━━━━━ TASK INPUTS

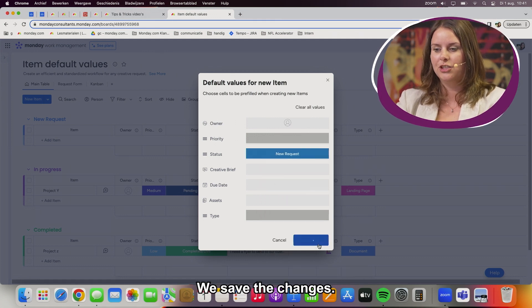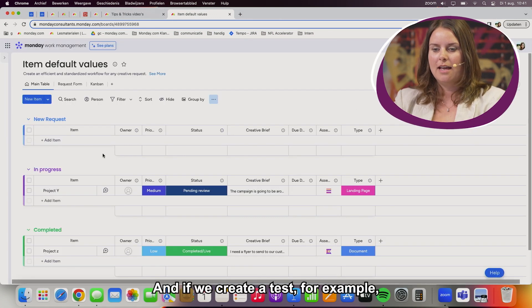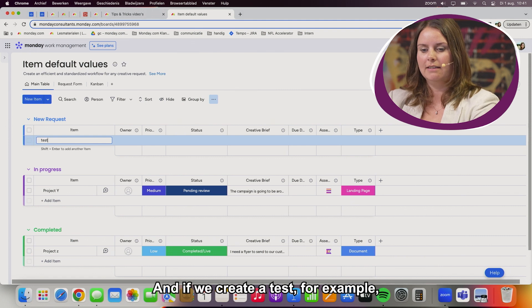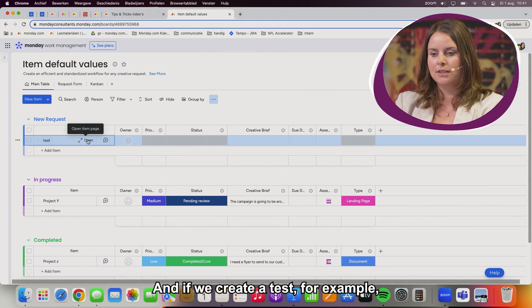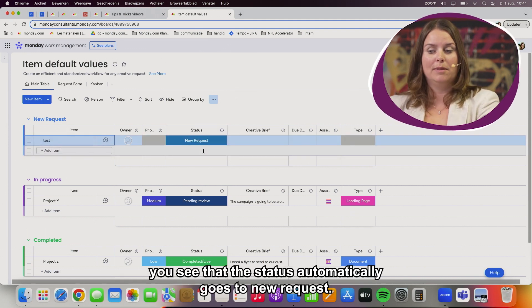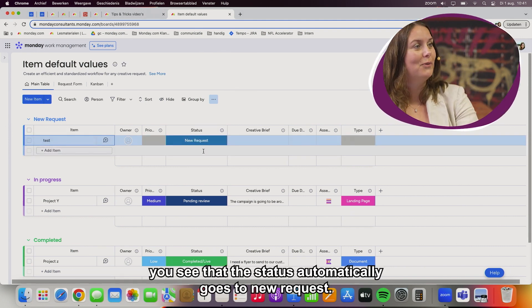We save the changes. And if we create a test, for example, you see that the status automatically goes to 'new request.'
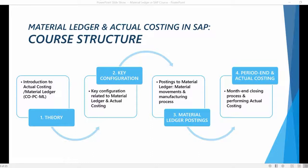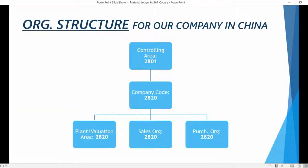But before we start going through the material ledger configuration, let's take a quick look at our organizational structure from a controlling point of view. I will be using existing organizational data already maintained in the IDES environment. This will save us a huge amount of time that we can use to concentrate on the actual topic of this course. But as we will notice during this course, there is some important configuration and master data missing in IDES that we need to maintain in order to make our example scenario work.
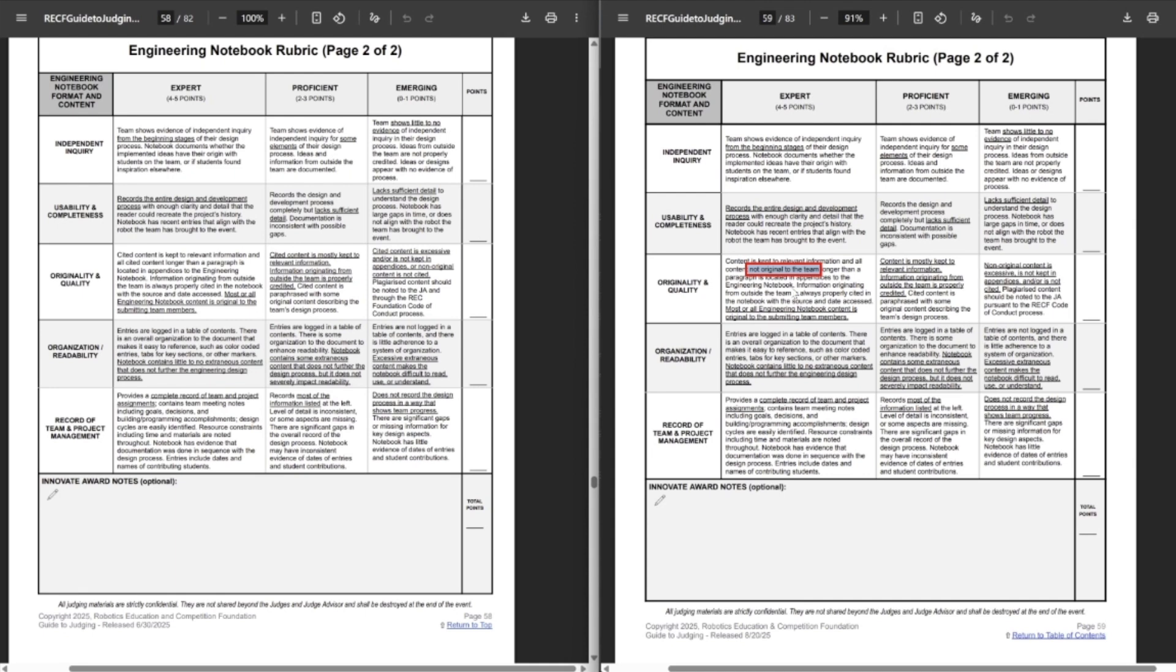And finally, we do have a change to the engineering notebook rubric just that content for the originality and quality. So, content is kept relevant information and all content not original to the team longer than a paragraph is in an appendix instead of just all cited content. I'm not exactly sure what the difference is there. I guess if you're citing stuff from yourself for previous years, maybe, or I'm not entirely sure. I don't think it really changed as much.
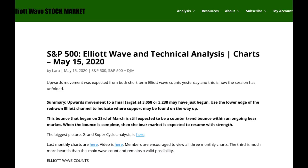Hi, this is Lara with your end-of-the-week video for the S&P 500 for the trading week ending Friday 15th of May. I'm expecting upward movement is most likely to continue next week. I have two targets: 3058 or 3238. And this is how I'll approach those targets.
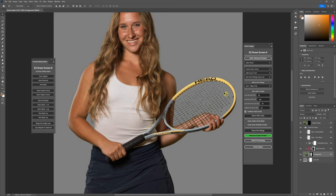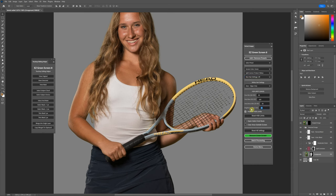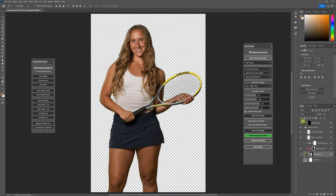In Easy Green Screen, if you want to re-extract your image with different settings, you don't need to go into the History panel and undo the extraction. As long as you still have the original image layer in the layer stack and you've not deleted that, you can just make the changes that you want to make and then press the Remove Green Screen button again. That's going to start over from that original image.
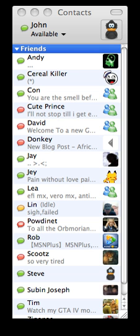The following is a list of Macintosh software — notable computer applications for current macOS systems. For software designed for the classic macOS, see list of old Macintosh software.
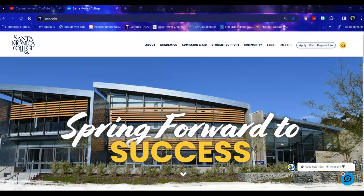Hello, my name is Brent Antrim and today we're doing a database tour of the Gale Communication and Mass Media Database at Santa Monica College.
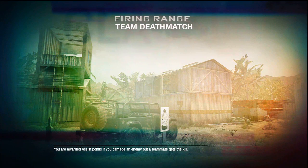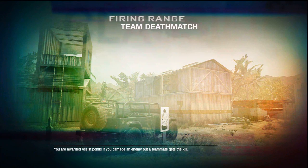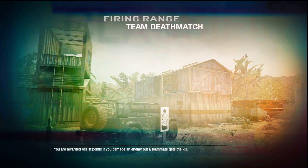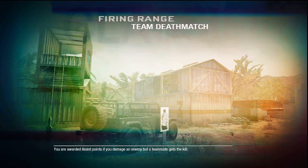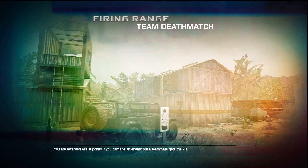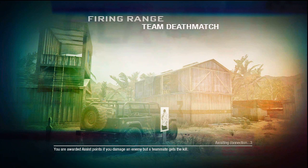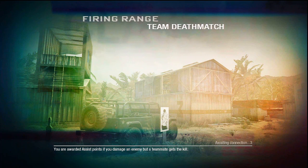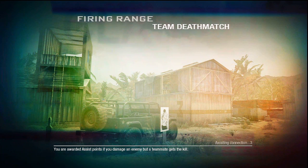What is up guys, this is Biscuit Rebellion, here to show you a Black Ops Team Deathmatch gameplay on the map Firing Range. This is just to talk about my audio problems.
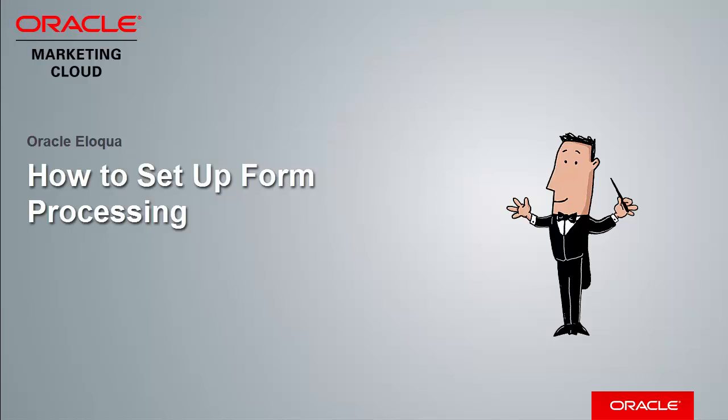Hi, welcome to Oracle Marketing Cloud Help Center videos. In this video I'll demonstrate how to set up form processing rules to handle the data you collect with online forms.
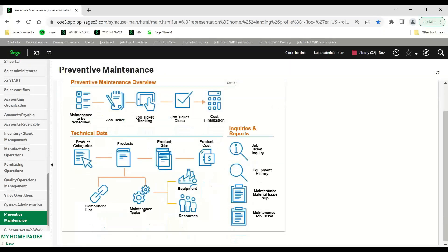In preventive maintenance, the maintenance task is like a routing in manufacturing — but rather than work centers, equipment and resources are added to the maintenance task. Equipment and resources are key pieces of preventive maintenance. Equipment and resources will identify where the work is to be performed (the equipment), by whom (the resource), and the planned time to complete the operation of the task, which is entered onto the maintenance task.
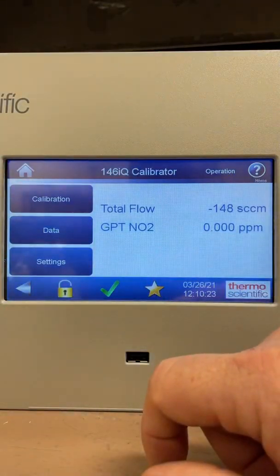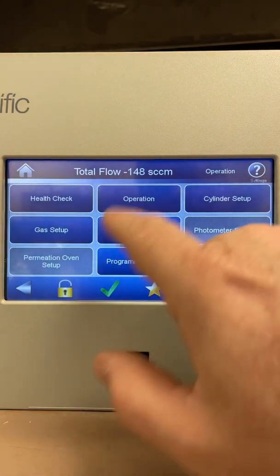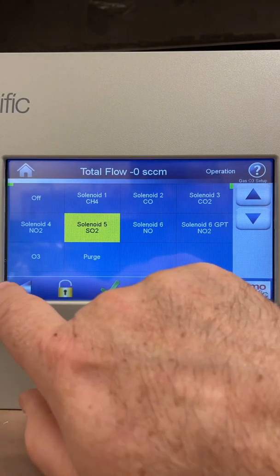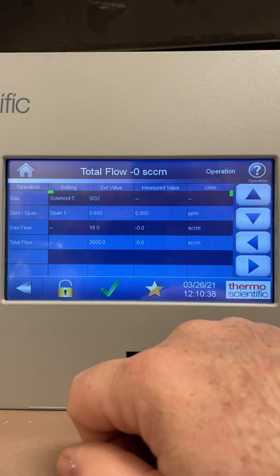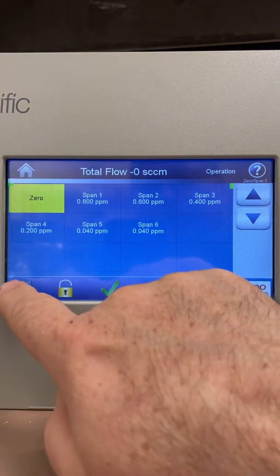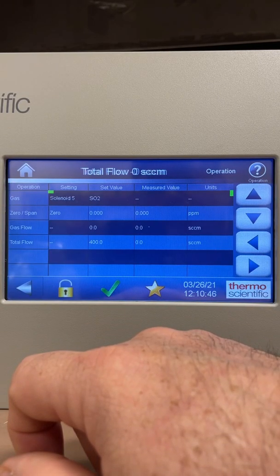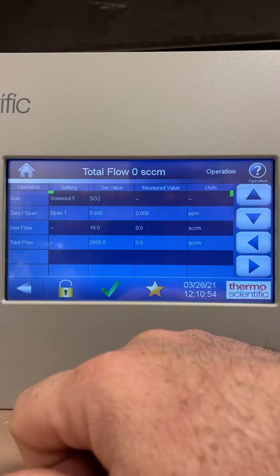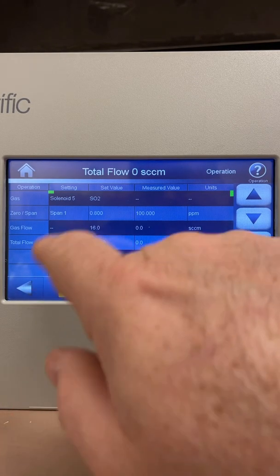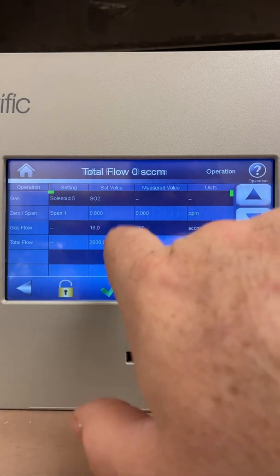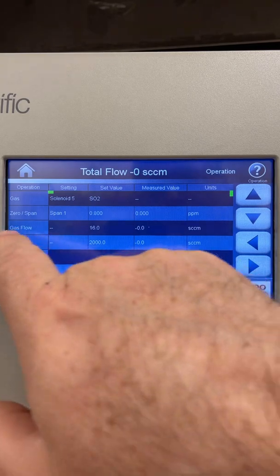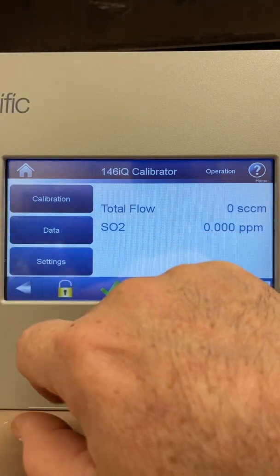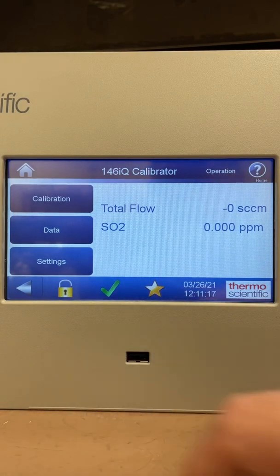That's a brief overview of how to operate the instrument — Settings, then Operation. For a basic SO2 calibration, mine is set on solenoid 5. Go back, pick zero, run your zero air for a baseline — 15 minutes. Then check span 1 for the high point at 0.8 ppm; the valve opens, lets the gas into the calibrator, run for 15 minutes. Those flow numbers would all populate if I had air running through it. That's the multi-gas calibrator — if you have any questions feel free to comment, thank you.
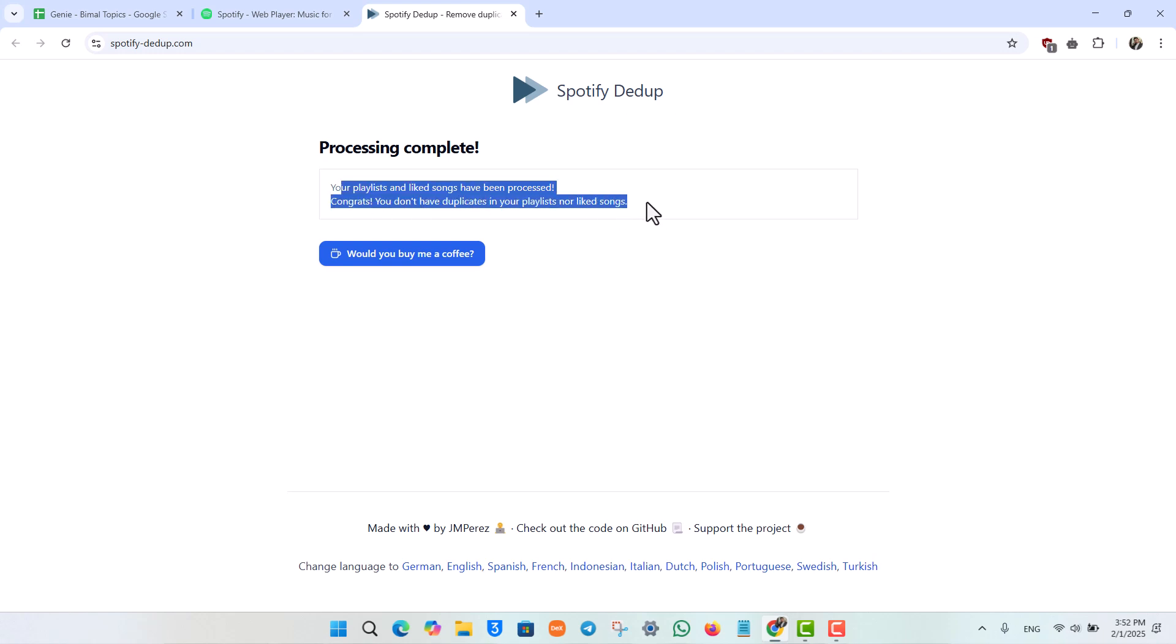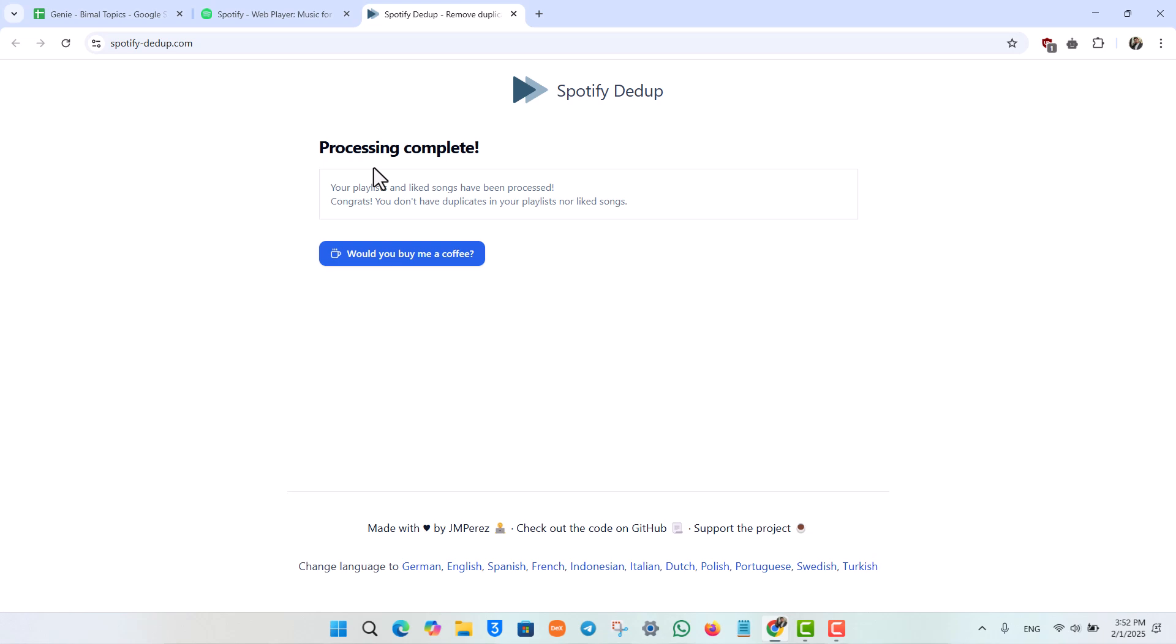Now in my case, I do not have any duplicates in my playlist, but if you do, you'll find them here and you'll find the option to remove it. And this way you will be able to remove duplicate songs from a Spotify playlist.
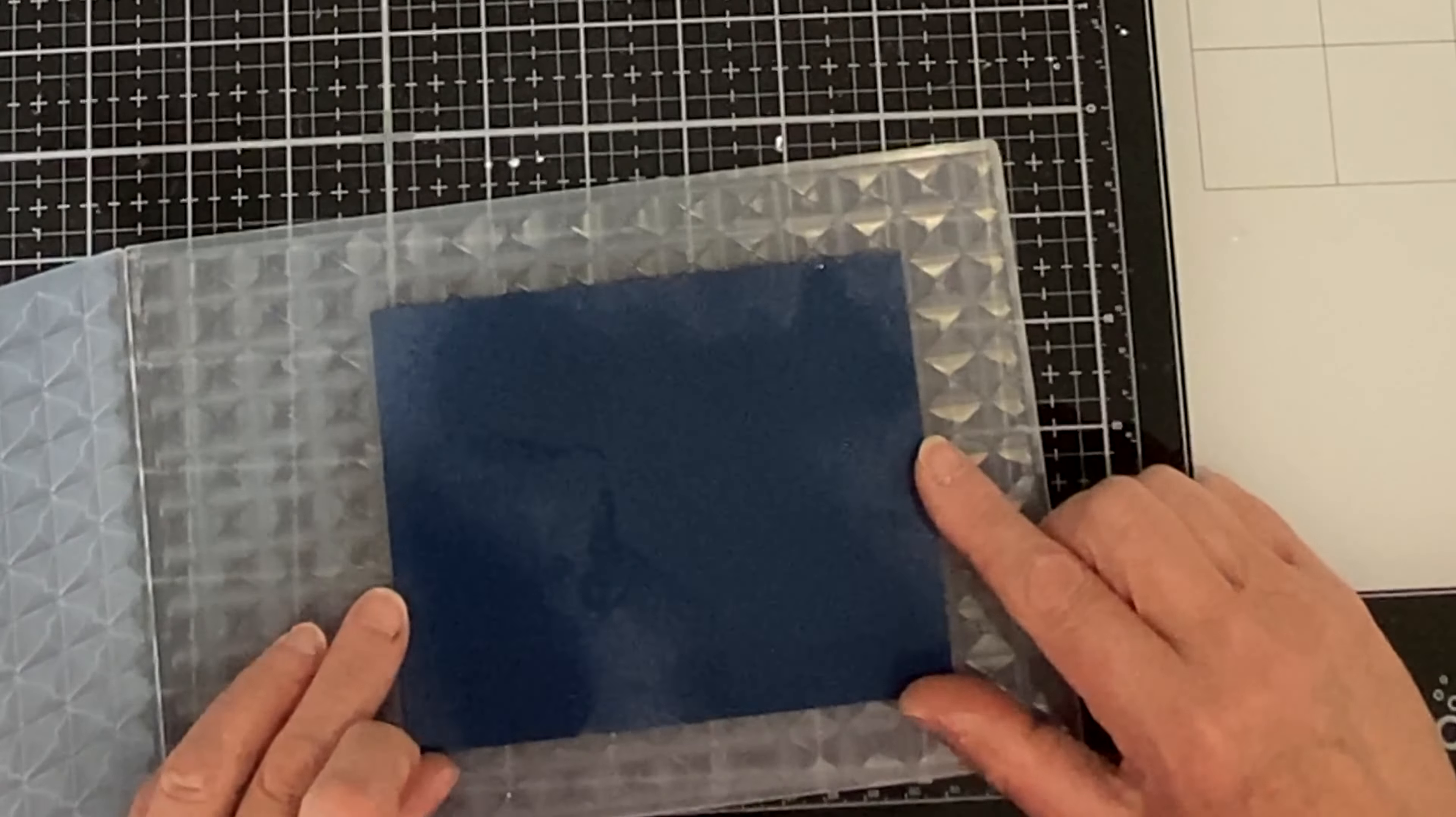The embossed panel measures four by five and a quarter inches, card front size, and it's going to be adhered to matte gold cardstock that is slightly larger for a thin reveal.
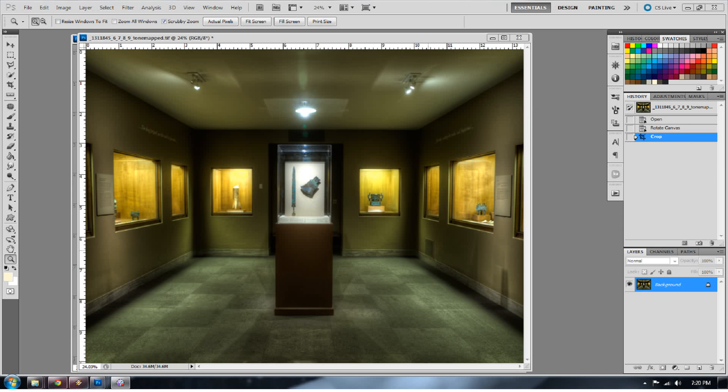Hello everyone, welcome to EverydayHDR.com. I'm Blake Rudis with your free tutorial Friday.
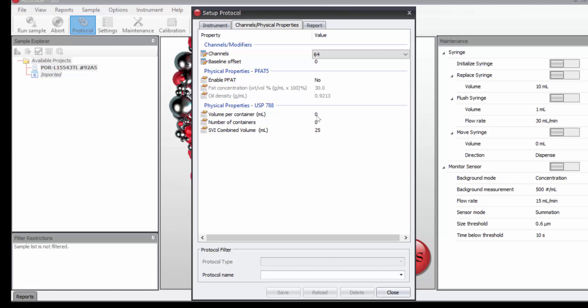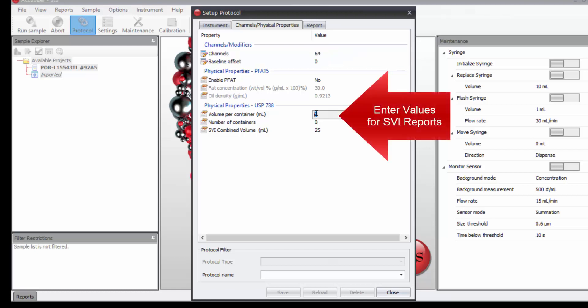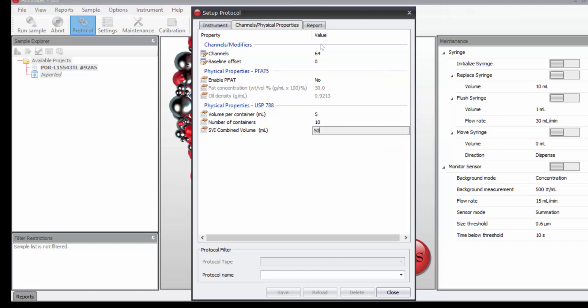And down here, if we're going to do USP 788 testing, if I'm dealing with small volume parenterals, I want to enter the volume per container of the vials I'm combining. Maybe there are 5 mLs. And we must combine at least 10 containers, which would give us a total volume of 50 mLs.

━━━━━━━━━━

**WORK TO BE COMPLETED:** Set down exactly the lines running from the beginning of the entries above to the line that contains "And finally, we", including both, and leave out pictures.

**ANSWER BOX:**
We save the changes. And if we create a test, for example, you see that the status automatically goes to 'new request.'
But before we start going through the material ledger configuration, let's take a quick look at our organizational structure from a controlling point of view. I will be using existing organizational data already maintained in the IDES environment. This will save us a huge amount of time that we can use to concentrate on the actual topic of this course. But as we will notice during this course, there is some important configuration and master data missing in IDES that we need to maintain in order to make our example scenario work.
And finally, we do have a change to the engineering notebook rubric just that content for the originality and quality. So, content is kept relevant information and all content not original to the team longer than a paragraph is in an appendix instead of just all cited content. I'm not exactly sure what the difference is there. I guess if you're citing stuff from yourself for previous years, maybe, or I'm not entirely sure. I don't think it really changed as much.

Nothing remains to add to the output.